In the US, Samsung Electronics Co. new flagship smartphone for the U.S. market will be called by one name – the Galaxy S III. They are saying no to individual carrier brands such as Captivate, Fascinate, or 4G Touch.
The world's leading smartphone manufacturer has revealed plans for the Galaxy III S in the U.S. The rollout is Samsung’s latest effort to challenge Apple Inc at the high end of the smartphone market and reflects the growing clout Korean electronics giant has over wireless carriers and consumers.
Prior to the announcement, Samsung executives emphasized that the Galaxy S III is the first company top-of-the-line phone to use the same name in all four national wireless carriers in the U.S.
The two previous generations of the Galaxy S – which has become the flagship of Samsung since it embraced Google’s Android operating software in 2010 has appeared under different names in U.S. carriers. There was the Samsung Fascinate at Verizon Wireless, the Samsung Captivate on AT & T, and Samsung's Galaxy II long 4G Touch Sprint Nextel Corp.
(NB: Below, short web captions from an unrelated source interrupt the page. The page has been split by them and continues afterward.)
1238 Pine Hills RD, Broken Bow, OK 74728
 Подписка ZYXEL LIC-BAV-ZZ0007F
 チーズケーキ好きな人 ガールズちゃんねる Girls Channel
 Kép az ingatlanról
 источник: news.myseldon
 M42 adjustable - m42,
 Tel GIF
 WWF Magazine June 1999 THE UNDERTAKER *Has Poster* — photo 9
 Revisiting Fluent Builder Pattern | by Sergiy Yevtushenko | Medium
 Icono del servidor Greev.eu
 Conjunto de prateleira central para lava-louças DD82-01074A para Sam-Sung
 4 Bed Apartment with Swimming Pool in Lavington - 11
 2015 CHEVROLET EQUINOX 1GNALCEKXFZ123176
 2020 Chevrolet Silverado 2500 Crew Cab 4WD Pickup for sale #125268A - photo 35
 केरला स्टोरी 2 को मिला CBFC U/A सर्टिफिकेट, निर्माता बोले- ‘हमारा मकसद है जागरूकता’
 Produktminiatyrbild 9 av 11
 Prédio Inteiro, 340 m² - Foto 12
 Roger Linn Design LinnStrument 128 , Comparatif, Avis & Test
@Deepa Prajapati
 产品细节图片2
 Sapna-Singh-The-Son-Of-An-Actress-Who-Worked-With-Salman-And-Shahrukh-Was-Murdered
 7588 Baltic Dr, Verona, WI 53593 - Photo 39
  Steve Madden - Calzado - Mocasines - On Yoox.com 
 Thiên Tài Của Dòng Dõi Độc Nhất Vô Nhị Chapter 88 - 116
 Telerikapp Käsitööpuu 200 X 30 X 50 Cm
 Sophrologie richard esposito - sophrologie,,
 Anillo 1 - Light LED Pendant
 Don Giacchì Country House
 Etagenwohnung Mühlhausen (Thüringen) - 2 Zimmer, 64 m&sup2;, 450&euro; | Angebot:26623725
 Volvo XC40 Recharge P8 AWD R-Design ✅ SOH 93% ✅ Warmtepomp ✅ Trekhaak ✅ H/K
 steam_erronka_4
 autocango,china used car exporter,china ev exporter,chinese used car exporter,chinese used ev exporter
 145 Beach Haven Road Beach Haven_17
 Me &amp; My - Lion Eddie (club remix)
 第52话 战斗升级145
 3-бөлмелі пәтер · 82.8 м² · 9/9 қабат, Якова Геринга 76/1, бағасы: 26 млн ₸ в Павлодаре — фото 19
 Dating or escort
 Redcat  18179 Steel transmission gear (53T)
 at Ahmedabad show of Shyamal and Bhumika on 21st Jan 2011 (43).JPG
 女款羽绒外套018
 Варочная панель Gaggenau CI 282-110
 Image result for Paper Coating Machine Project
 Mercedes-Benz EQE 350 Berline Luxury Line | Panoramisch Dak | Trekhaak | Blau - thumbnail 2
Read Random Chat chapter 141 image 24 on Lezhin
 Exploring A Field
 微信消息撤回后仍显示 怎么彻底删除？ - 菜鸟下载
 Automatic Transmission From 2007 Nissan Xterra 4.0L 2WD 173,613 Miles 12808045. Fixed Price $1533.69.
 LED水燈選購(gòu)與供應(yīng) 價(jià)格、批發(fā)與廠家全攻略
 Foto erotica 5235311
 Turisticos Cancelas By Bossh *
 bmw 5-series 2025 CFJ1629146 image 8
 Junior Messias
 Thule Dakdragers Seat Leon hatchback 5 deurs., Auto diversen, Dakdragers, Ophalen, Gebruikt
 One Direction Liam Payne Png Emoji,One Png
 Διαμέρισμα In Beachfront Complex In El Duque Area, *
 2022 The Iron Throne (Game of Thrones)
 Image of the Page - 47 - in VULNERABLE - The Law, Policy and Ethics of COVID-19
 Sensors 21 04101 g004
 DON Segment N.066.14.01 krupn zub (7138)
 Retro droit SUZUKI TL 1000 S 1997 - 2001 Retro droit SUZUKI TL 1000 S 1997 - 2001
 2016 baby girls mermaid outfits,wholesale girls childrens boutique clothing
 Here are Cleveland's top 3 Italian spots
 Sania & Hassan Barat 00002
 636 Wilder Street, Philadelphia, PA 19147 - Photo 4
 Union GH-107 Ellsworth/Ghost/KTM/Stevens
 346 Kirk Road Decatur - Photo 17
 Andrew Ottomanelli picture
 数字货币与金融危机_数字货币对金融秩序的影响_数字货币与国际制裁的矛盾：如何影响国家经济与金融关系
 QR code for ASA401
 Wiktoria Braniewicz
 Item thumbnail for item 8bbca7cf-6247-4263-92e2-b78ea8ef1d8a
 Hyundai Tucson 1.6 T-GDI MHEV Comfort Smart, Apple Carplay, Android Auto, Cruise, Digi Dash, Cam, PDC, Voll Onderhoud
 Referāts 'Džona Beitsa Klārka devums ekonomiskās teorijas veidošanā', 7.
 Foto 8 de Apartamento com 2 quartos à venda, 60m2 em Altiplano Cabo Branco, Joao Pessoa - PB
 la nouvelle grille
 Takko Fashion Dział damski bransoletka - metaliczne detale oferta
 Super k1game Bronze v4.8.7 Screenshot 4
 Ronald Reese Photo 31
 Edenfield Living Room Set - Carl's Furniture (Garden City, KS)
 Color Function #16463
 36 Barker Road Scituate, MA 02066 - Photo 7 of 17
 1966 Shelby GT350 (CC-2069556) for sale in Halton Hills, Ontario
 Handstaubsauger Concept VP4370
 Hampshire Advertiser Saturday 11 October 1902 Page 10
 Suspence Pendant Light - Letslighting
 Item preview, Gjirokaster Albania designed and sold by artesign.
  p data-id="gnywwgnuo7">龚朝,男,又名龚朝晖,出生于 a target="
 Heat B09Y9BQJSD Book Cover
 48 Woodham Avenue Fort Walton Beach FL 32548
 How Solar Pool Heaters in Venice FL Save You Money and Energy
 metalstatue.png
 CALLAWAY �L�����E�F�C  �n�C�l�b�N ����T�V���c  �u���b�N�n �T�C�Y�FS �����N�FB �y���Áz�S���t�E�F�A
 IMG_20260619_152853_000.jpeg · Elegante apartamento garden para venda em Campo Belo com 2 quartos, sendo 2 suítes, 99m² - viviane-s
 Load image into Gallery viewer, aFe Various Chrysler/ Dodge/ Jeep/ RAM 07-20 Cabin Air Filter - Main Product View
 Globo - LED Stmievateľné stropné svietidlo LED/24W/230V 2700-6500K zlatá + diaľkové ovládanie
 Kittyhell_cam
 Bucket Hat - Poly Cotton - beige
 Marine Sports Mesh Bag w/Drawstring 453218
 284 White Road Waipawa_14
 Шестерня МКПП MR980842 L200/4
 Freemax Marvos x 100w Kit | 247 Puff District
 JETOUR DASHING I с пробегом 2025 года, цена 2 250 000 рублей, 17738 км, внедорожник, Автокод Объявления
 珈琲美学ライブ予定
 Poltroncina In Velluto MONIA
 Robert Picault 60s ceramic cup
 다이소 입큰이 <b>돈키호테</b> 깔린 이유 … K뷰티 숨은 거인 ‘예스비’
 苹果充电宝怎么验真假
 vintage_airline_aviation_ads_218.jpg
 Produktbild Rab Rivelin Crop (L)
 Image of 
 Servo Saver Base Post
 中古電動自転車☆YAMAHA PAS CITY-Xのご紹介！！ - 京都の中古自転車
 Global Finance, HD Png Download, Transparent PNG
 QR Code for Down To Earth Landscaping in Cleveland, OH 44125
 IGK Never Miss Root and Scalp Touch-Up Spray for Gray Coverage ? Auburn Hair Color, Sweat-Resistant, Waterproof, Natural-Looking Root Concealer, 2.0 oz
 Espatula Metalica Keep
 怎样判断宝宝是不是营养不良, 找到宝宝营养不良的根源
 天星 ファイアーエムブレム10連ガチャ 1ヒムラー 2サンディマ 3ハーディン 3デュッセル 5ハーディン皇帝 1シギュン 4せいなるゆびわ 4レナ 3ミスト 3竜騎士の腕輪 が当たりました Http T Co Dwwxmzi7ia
Previously, large carriers' ability to get the Samsung to let them each put their own name in what is essentially the same phone underscored the significant control they wielded over the marketing of cellphones.
Carrier also pushed other phone manufacturers to give them exclusive access to some phones have special names, such as Motorola Mobility Droid Razr phone for Verizon Wireless and HTC Corp EVO phone for Sprint S. It is all part of their effort to stand apart from competing carriers and drum up interest in their own brand.
However, since Apple launched its iPhone in 2007 and took AT & T to let them drive much of the sales and marketing of the wildly successful smartphone, the strong grip of the carrier device makers began to loosen.
Now Samsung is trying to follow the playbook of Apple, and getting the carrier to come along. In the first quarter of 2012, thanks to strong sales of Galaxy franchise, Samsung overtook Apple smartphone for world leadership position with a 29.1% portion of the global market, compared with 24.2% share Apple, according to research firm IDC.
Justin Denison, chief strategy officer of Alcatel Telecom U.S. unit, said a name strategy is not an easy sell to the carrier. The company is still customize the software to the Galaxy S III for each of them, he added.
Samsung says that by taking the carriers' agreement to use a consistent brand, it is made to shift its approach to advertising in the U.S. is to focus on a single product and try to set itself apart from a slew of new Android phones from different manufacturers that boast similar features.
"When we use our best device to tell our story, it allows people to understand very clearly and we have a cascading effect on other products," Todd Pendleton, Samsung U.S. Telecom marketing chief, said in an interview.
The price of the phone will start at $199 with a two-year contract. It is available in the national carriers Verizon Wireless, AT & T, Sprint and T-Mobile USA as early as this month.
Samsung says it promised carriers to back the phone with its biggest product-launch campaign, although executives declined to say how much it costs. The Galaxy S III, says the company, features a souped-up processor and face-recognition technology.
T-Mobile spokeswoman Cara Walker said the company is working on an ad campaign and investigations of other joint marketing activities with Samsung to highlight the device Galaxy S. T-Mobile has "no objection" to sharing the name of Galaxy III's other carriers, Ms. Walker said.